The surprising feature of Connolly’s two volumes is their chronological range—1460 to 1800. His initial reputation was made with his innovative Priests and people in pre-Famine Ireland 1780–1845 (reissued by Four Courts Press in 2001), and he supplied four authoritative survey chapters in the New history of Ireland, volume V, which still constitute one of the crispest treatments of the period from 1800 to 1830. In the 1990s he copper-fastened his reputation with a major volume, Religion, law and power: the making of Protestant Ireland 1660–1760 (reissued in paperback), notable for its archival range, its independent if occasionally pugnacious judgements, and its determined effort to relocate the centre of gravity of studies of the Irish eighteenth century away from its turbulent last quarter. (That is still a major concern of Divided kingdom, his second volume here.) Thus one might have assumed that a survey history from Connolly would start perhaps in the 1640s and proceed to the Famine at least, or even venture as far as Partition. It is a surprise, then, to find him plunging instead deep into the late medieval period and entering the crowded lists of the early modern period, which has been a lively area in Irish historiography in this generation.
What can a non-specialist make of his first volume, Contested island: Ireland 1460–1630? Three features struck this reader. Firstly, Connolly has firmly nailed his colours to the narrative mast, claiming that he is offering ‘an exercise in a traditional genre, the general narrative survey’, where he prioritises ‘event rather than process’ (p. 123). His preface floats the philosophical issue of whether a narrative ‘innocent’ of wider explanatory horizons and embedded political choices can be made but briskly dismisses it to get stuck straight in. Ironically, the most lively bits of the volume occur where he does engage with wider issues as, for example, in lucid and thought-provoking pages on whether it is appropriate to compare Ireland and America in the Elizabethan period, or why the Reformation failed in Ireland. (Could Eamon Duffy be encouraged to apply his formidable expertise to exploring this issue in Ireland, with the skills so evident in The stripping of the altars?).

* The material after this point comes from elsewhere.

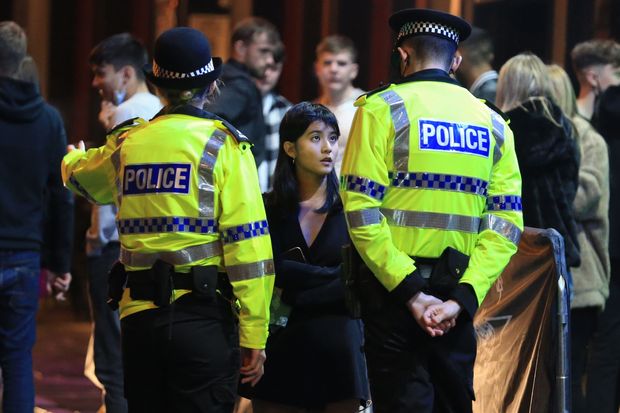 Police patrol in the centre of Liverpool, north west England on October 10, 2020 ahead...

Writing a narrative places a premium on writing skills, and while Connolly is accurate and brisk, he is not a stylist on the level of a Foster. For example, the word ‘important’ or variants of it appear on pages 127, 128 (twice), 129 (twice), 131 (twice), 132, 133, 134, 135 (three times), 137 (twice), 138, 140, 148, 150, 153, 154, 155, 163, 164 and 167—25 instances in a single chapter. On page 171, three ‘importants’ appear in three successive sentences. The repetition of other words in the same chapter—for example, ‘traditional’, ‘increasing’, ‘expanding’, ‘ruthless’—clog up the style and impede any sense of narrative flow. Does OUP employ copy-editors anymore? And what are we to make of the main text promising eight maps (often discussed in detail as in the case of the promised Goghe map) while only four appear, and these with their titles horribly mangled and inadequately reproduced?

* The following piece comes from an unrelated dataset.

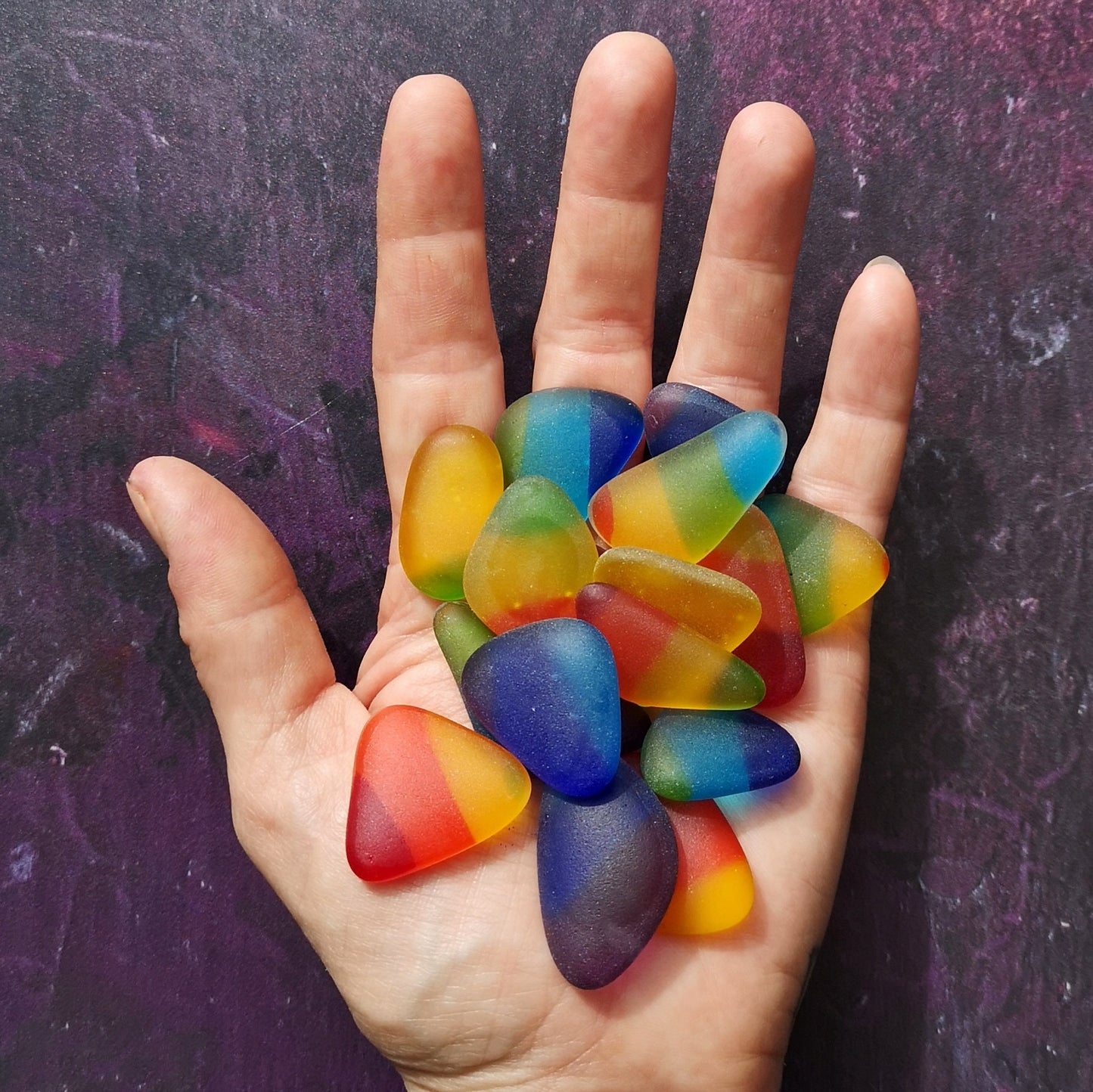 Handful of vibrant, multicolored tumbled glass pieces, capturing their distinct, weathered look, suitable for unique and personalized art creations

Secondly, on grounds of clarity, Connolly opts to use anglicised versions of the Irish-language names, and this is an anachronistic and historically inappropriate choice, which also makes for hideous orthography. What conceivable use is it to use ‘William Mayle’ rather than ‘Liam Maol’? And if he is advancing the cause of clarity, should we now call him ‘John’ Connolly? The New history of Ireland implemented eminently sensible editorial decisions on this issue some years ago, and it is hugely disappointing to see Connolly reverting to this culturally demeaning practice. In fairness to him, he does consistently address Irish-language sources, and in a considerably less dismissive and abrasive tone than previously.
Thirdly, and probably inevitably, as a non-specialist on the period, Connolly has to rely on the work of other scholars. That invariably begs the question—who are the accepted authorities and how will he adjudicate between them if they disagree? Judging by footnote citation, Connolly has made explicit, if not sufficiently explained, choices. Thus, to cite a few examples, he prefers Stephen Ellis over K.W. Nicholls, Ciaran Brady over Nicholas Canny and Brendan Bradshaw, and Colm Lennon over Aidan Clarke. Ellis tops the footnote list at 57, closely followed by Brady at 54.
The same problem does not appear in the second volume as Connolly has the easier expedient of citing himself: there are close to 100 citations of his own work, the bulk of them referring to Religion, law and power. The footnotes tend to be longer and more acerbic in this volume, a tendency that intensifies towards its end, and interpretative issues surface much more heatedly, disrupting the effort to maintain an even narrative flow. The chapter on the 1790s is notably waspish and partisan in tone.
In overall terms, Connolly has read both extensively and intensively, and these volumes offer impressive testimony of sustained engagement with the more recent secondary literature. Some influential work—notably Willie Smyth’s Map-making, landscape and memory, David Dickson’s Old World colony and Toby Barnard’s Making the grand figure—appear to have been absorbed rather hurriedly. It is also noticeable that there is no sustained engagement with perhaps the most impressive editorial achievements of recent years—the three-volume Collected writings of Theobald Wolfe Tone.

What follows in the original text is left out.